既然“开源”之路阻碍重重,眼看遗嘱正式宣读的日子一天天逼近,那把悬在头顶的利剑寒光凛冽,她决不能坐以待毙!一种破罐破摔的狠毒在她心底疯狂滋生——她得不到的,也绝不能让长房那边安安稳稳地攥在手里!尤其是林晚星,那个她素来看不起的乡下丫头,凭什么就能那么好命,一举得男,还儿女双全?她必须不能再有孩子!长房有舟舟一个男丁已经足够威胁她,绝不能再添第二个!

一个恶毒到极致、散发着腐朽气息的念头,如同沼泽地里冒出的毒泡,在她近乎疯狂的脑海里噗地破裂,释放出致命的毒雾。她浑浊的眼睛里猛地迸射出一种骇人的光芒,那是一种混合着绝望、嫉妒和毁灭欲的疯狂。

几天后的一个深夜,月黑风高,寒意刺骨。一辆不起眼的黑色轿车,像是暗夜里的幽灵,悄无声息地滑出陆家老宅的后门,七拐八绕,专挑僻静无人的小路行驶,最终消失在沪西一片即将拆迁、鱼龙混杂的棚户区深处。
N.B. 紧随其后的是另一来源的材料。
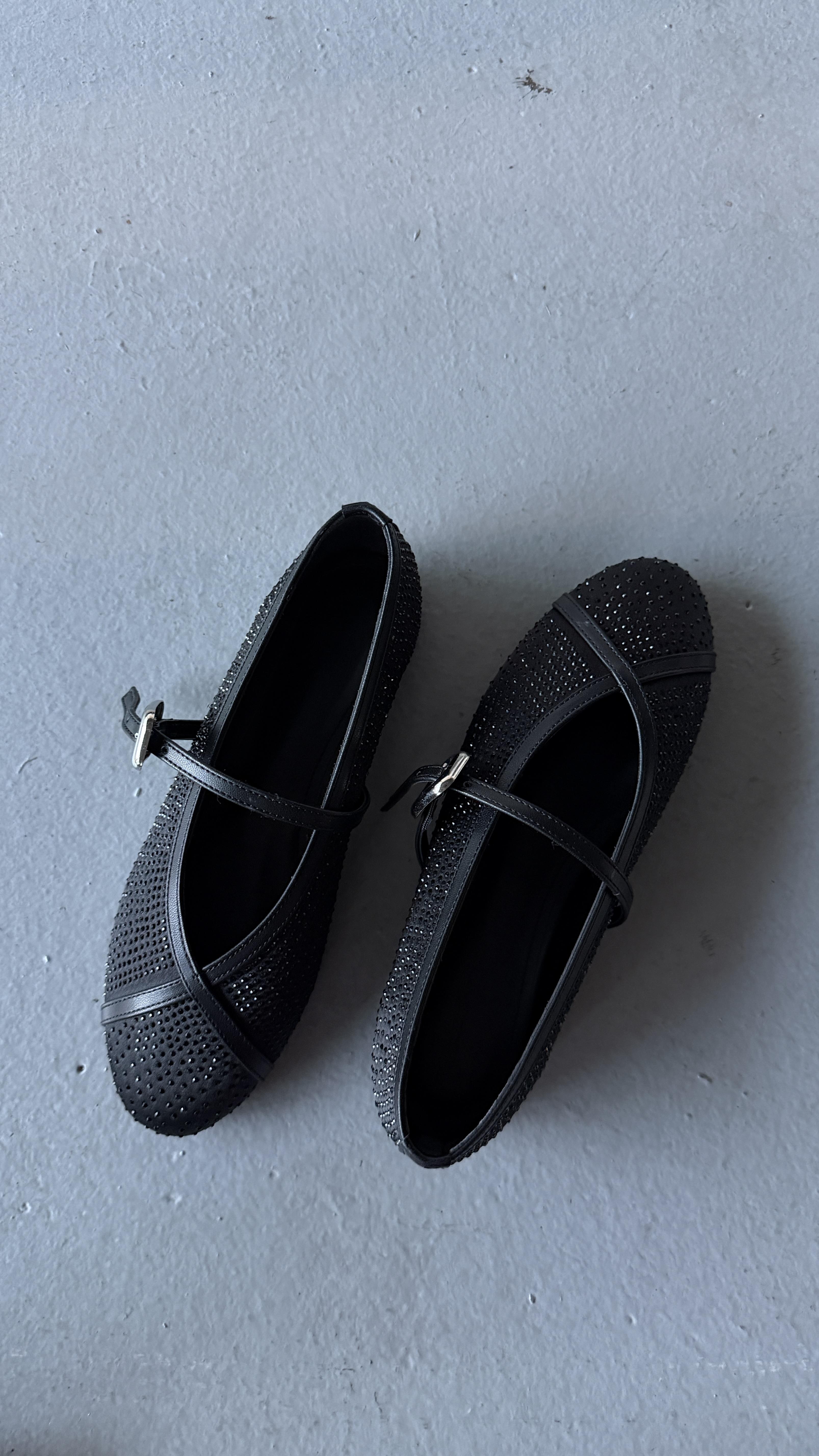 Elyra Siyah Taşlı Balerin Babet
黄美娟裹着一件毫不起眼的深灰色旧呢子大衣,厚厚的羊绒围巾几乎遮住了大半张脸,帽檐压得极低,在一个心腹老妈子(也是她当年从黄家带过来的陪嫁)的搀扶下,鬼鬼祟祟地钻出车门,深一脚浅一脚地踩在污水横流、垃圾遍地的巷弄里,最终闪身钻进了一间低矮、窗户糊着油纸、门口挂着破旧肮脏布帘的平房。
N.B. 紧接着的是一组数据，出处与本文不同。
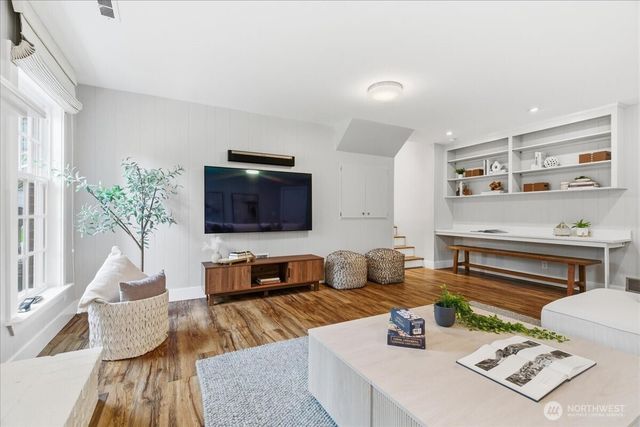 6101 85th Place SE, Mercer Island, WA 98040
屋内光线极其昏暗,只有一盏功率极小的灯泡散发着昏黄的光晕,空气中弥漫着一股极其呛人的、劣质香烛和古怪草药混合的刺鼻气味,几乎令人作呕。一个穿着色彩俗艳、绣着诡异繁复印花袍子的干瘦老太婆,像一截枯朽的老树根,盘坐在一个肮脏的蒲团上。她面前摆着一个铜锈斑斑的香炉,里面插着几支燃烧不均、冒着黑烟的香,旁边还散乱地放着铜钱剑、几面画着血红符咒的小旗和一些看不出本来面目、干瘪诡异的所谓“供品”。这便是那个在特定圈子里传闻中“法力高强、手段狠辣”的胡神婆。

“夫人深夜所求,老仙家已然知晓……”胡神婆抬起眼皮,露出一双浑浊不堪、几乎分不清眼白和瞳仁的眼睛,声音沙哑得像是破风箱在拉扯,带着一股装神弄鬼的神秘感,“只是这咒怨之事,逆天而行,最损阴德,这代价嘛……”
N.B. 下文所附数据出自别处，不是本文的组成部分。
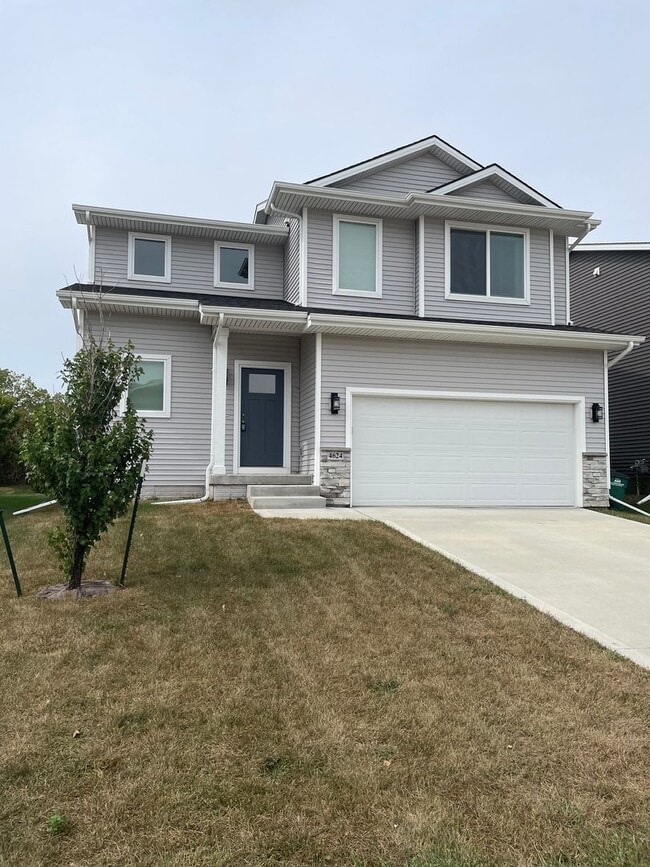 Primary Photo - 3 bedroom 3 bathroom Single-Family Home in...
“钱不是问题!”黄美娟急切地打断她,仿佛生怕对方反悔,连忙从随身带来的旧布包里掏出一个鼓鼓囊囊、塞得几乎要裂开的厚实信封,几乎是塞到了神婆干枯鸡爪般的手里,眼神里充满了狂热的急切,“只要够灵验!我要让她再也生不出孩子!永远都不能!要让她这辈子断子绝孙!”她恶毒地强调着,声音因为激动而微微颤抖。

胡神婆浑浊的眼珠瞥了那厚厚的信封一眼,指尖下意识地捏了捏厚度,干瘪得如同核桃皮的脸上缓缓扯出一丝贪婪而诡异的笑意。她不再多言,示意黄美娟跪下。

接着,一场装神弄鬼、阴森恐怖的仪式开始了。神婆点燃几张画着扭曲诡异符咒的黄纸,围着那个冒着滚滚黑烟的火盆开始手舞足蹈,动作僵硬而夸张,嘴里念念有词,发出一些含混不清、极其古怪的音调,时而尖锐,时而低沉,在这狭小密闭、气味熏人的空间里回荡,格外渗人。

烟雾缭绕中,她拿起一个明显是新缝制、却故意做旧、上面贴着写着林晚星名字和生辰八字(黄美娟费尽心机、花了不小代价才从老家那边辗转搞到)的黄纸条的小布偶。然后,她取出一根又长又粗、闪着寒光的银针,对着布偶的小腹部位,狠狠地扎了下去!一下,两下,三下……嘴里用那破锣嗓子恶毒地诅咒着:

“以血为引,以念为咒……断其根源,绝其子嗣……经脉逆行,胞宫冰寒……八方凶神,听我号令,叫她今生永绝孕事……”

黄美娟死死地盯着那个被银针扎得千疮百孔、几乎变了形的小布偶,仿佛那就是林晚星本人。她的脸上露出一种近乎病态的兴奋和扭曲的快意,呼吸变得急促,眼睛里闪烁着骇人的光芒,仿佛真的通过这种卑劣的方式,亲眼看到了远在广州的林晚星痛苦不堪、永生无法再为人母的悲惨景象。她紧紧地攥着手,指甲深深地陷进掌心的软肉里,带来一阵刺痛,却让她更加兴奋。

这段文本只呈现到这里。